Der Thürsteher prallte vor Schrecken drei Schritte zurück. Bürgermeister und Schöppen anzukündigen, das ging noch an, aber einen Strumpfweber, das war allzu hart. Der Kardinal saß auf Nadeln. Alles Volk horchte und schaute. Seit zwei Tagen bereits hatte sich die Eminenz alle Mühe gegeben, diese flämischen Bären etwas glatt zu lecken, um sie für das Publikum möglichst präsentabel zu machen, und nun kam dieser Akt dazwischen! Wilhelm Rym näherte sich, um den Kardinal aus der Verlegenheit zu ziehen, dem Thürsteher mit seinem feinen Lächeln und flüsterte ihm in die Ohren: »Verkündiget Meister Jakob Coppenole, Schreiber des Schöppenstuhls der Stadt Gent.«

»Thürsteher,« wiederholte der Kardinal mit lauter Stimme, »verkündiget Meister Jakob Coppenole, Schreiber des Schöppenstuhls der erlauchten Stadt Gent.«

Das war ein Fehler; Wilhelm Rym, für sich allein, hätte die Schwierigkeit beseitigt, jetzt aber hatte Jakob Coppenole die Worte des Kardinals vernommen.

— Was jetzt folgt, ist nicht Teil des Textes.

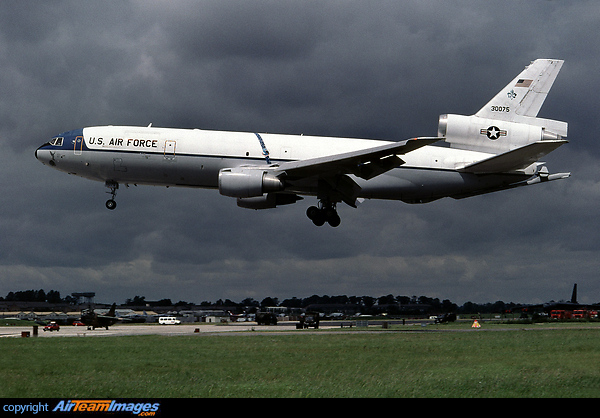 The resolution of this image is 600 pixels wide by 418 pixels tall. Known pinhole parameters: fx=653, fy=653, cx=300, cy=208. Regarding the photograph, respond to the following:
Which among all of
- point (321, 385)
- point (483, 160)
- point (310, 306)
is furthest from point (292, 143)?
point (310, 306)

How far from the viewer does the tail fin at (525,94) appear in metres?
47.0

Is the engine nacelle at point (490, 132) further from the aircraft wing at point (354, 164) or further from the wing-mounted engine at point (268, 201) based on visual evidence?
the wing-mounted engine at point (268, 201)

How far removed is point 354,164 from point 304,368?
17.9m

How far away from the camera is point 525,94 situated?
47.2 m

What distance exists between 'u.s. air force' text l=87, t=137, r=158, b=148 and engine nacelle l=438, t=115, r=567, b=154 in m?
19.8

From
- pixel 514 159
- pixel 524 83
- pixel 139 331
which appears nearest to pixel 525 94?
pixel 524 83

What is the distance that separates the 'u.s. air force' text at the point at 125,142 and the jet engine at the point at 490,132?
19766mm

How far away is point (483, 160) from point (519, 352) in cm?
1556

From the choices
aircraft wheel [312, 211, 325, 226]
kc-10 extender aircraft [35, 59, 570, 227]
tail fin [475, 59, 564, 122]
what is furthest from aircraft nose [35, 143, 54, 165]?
tail fin [475, 59, 564, 122]

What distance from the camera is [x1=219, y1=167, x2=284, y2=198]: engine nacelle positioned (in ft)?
132

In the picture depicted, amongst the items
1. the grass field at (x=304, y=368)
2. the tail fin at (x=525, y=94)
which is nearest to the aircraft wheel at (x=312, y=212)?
the grass field at (x=304, y=368)

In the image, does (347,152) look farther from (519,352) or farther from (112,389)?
(112,389) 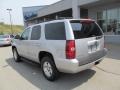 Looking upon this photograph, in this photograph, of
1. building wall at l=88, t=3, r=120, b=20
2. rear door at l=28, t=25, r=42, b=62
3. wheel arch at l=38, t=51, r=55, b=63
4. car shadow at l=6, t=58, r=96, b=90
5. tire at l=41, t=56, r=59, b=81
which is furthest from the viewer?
building wall at l=88, t=3, r=120, b=20

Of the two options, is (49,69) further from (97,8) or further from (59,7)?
(59,7)

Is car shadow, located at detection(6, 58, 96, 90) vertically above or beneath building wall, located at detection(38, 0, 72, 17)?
beneath

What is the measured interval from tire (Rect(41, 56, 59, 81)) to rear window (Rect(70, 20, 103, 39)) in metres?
1.29

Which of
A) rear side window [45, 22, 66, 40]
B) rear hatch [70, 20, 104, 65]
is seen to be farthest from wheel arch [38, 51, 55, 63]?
rear hatch [70, 20, 104, 65]

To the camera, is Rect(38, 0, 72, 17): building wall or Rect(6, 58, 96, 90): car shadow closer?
Rect(6, 58, 96, 90): car shadow

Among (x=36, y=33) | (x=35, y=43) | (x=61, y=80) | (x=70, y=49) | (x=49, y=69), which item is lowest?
(x=61, y=80)

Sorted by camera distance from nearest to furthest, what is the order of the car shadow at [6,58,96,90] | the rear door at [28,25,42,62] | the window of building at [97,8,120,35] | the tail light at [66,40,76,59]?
the tail light at [66,40,76,59]
the car shadow at [6,58,96,90]
the rear door at [28,25,42,62]
the window of building at [97,8,120,35]

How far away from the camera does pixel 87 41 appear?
4859mm

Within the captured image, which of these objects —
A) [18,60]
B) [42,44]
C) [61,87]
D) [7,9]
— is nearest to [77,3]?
[18,60]

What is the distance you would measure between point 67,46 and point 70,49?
120 mm

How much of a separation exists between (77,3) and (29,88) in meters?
11.9

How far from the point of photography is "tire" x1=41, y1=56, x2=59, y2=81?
205 inches

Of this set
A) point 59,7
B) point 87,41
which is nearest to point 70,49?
point 87,41

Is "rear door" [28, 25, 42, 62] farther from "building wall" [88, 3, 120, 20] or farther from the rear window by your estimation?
"building wall" [88, 3, 120, 20] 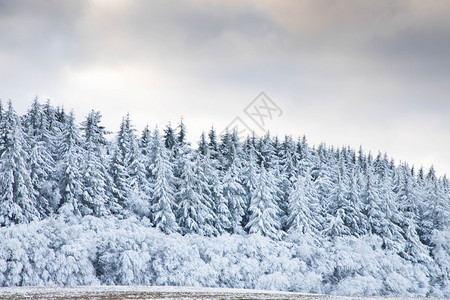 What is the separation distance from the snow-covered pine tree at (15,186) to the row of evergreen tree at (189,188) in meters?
0.11

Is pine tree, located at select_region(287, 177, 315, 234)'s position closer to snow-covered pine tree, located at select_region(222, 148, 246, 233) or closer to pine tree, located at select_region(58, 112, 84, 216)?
snow-covered pine tree, located at select_region(222, 148, 246, 233)

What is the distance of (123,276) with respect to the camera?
37.3 metres

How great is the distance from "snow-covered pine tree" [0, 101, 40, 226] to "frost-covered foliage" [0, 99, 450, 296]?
0.13 metres

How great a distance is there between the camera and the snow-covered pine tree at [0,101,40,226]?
40.7 m

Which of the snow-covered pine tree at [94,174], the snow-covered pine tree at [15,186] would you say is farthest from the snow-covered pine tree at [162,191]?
the snow-covered pine tree at [15,186]

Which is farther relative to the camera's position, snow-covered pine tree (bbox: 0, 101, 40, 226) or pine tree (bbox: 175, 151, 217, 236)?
pine tree (bbox: 175, 151, 217, 236)

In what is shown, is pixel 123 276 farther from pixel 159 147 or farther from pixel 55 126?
pixel 55 126

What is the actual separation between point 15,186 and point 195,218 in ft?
68.7

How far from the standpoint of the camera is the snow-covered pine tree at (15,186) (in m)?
40.7

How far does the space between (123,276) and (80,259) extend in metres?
4.13

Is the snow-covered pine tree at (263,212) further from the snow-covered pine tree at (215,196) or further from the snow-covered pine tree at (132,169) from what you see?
the snow-covered pine tree at (132,169)

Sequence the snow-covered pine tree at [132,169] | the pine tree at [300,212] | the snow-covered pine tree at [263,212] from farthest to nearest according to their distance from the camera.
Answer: the pine tree at [300,212]
the snow-covered pine tree at [263,212]
the snow-covered pine tree at [132,169]

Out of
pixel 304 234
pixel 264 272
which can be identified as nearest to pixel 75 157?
pixel 264 272

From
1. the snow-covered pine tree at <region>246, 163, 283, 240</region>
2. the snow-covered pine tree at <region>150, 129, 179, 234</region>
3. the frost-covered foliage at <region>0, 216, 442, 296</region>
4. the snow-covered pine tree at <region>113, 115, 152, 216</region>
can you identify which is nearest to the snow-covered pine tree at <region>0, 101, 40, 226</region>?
the frost-covered foliage at <region>0, 216, 442, 296</region> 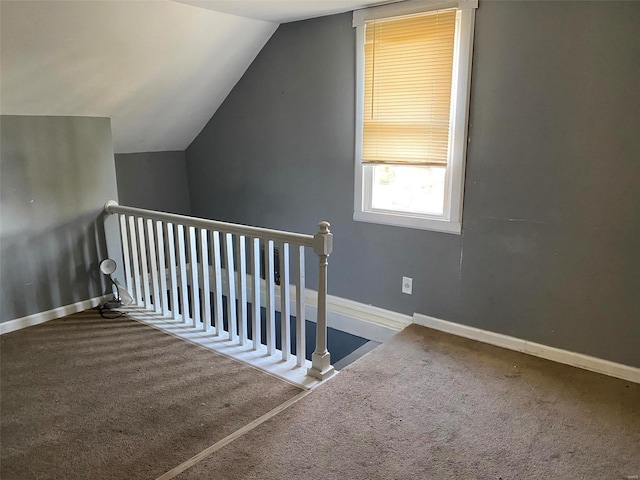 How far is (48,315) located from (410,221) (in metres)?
2.79

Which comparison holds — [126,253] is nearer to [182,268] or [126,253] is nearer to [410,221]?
[182,268]

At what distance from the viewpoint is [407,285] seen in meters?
3.40

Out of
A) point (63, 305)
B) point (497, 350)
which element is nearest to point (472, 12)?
point (497, 350)

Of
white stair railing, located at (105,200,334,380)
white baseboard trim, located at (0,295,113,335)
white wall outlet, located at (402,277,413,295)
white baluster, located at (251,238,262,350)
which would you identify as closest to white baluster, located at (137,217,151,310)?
white stair railing, located at (105,200,334,380)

»Nein, beim heiligen Kreuz!« schrie er mit seiner Donnerstimme. »Jakob Coppenole, Strumpfweber. Hörst Du’s, Thürsteher? Kein Wort mehr noch weniger. Beim heiligen Kreuz! Strumpfweber, das ist genug. Der Erzherzog hat schon mehr als einmal seinen Handschuh in meinem Strumpfladen geholt.«2

Diesen kräftigen Worten folgte stürmischer Beifall und schallendes Gelächter der Menge. Ein Wortspiel fällt in Paris nie unbeachtet auf den Boden.

Dazu kam noch, daß Coppenole ein Mann aus dem Volke war, und das Publikum, das ihn umgab, war auch vom Volk. Das gegenseitige Verständniß war folglich hergestellt. Das trotzige Wort des flämischen Strumpfwebers, das den Hof demüthigte, hatte in allen plebejischen Herzen ein gewisses Gefühl von Würde erweckt, das freilich im fünfzehnten Jahrhundert noch vag und unbestimmt war. Es war ein bloßer Bürger, einer ihresgleichen, der hier dem Kardinal die Spitze bot! Dies war ein sehr süßes Gefühl für unterthänig gehorsamste Spießbürger, die selbst die Bedienten des Schlosses und der Großen mit Respekt zu betrachten und zu behandeln pflegten.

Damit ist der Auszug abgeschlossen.